В этом контексте не случайно стихотворение Игоря Северянина «Диссона» построено на двусмысленности, на «диссонансе» между мужским и женским, а «Ваше Сиятельство» оказывается в финале «супругой посла»:

Георгию Иванову

В жёлтой гостиной, из серого клёна, с обивкою шёлковой, Ваше Сиятельство любит по вторникам томный журфикс. В дамской венгерке комичного цвета, коричнево- белковой, Вы предлагаете тонкому обществу ирисный кэкс, Нежно вдыхая сигары эрцгерцога абрис фиалковый... Ваше Сиятельство к тридцатилетнему — модному — возрасту Тело имеете универсальное... как барельеф... Душу душистую, тщательно скрытую в шёлковом шелесте, Очень удобную для проституток и для королев... Впрочем, простите мне, Ваше Сиятельство, алые шалости... Вашим супругом, послом в Арлекин ии, ярко правительство: Ум и талант дипломата суть высшие качества... Но для меня, для безумца, его аристотельство, Как и поэзы мои для него, лишь чудачество... Самое ж лучшее в нём, это — Ваше Сиятельство!

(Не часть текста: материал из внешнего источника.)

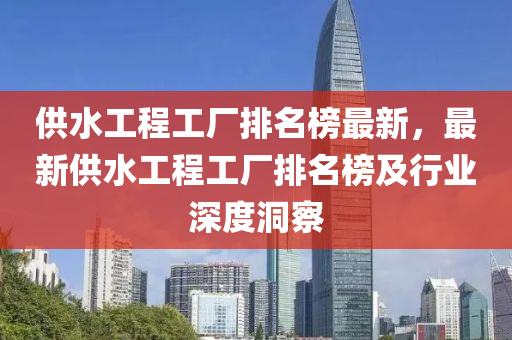 供水工程工廠排名榜最新，最新供水工程工廠排名榜及行業(yè)深度洞察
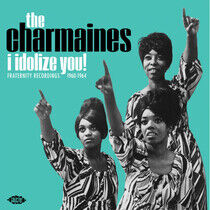 Charmaines - I Idolize You!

Январь 1912 года стал порой утверждения эгофутуризма, декларацию подписали вместе с Игорем Северяниным Константин Олимпов, Грааль-Арельский и Георгий Иванов. Вскоре Иванов, тяготившийся атмосферой любительства в кружке «Ego» и чуждый эпатажности, сблизился с Николаем Гумилёвым. В октябре 1912 года он вместе с Грааль-Арельским опубликовал в журналах «Гиперборей» и «Аполлон» письма-отречения от прежней группы, о вступлении в «Цех поэтов», но это было не переменой флага, скорее его обретением.

«Вселенский Футуризм»

В отличие от кубофутуризма, который вырос на «глыбе слова мы» из творческого содружества единомышленников— авторов коллективных изданий, эгофутуризм был индивидуальным изобретением поэта Игоря Северянина. Его «двусмысленная слава», определившая своеобразное место Северянина в тогдашней литературе, содействовала провозглашению собственного стихотворного манифеста — «Пролог. “Эгофутуризм”» (1911).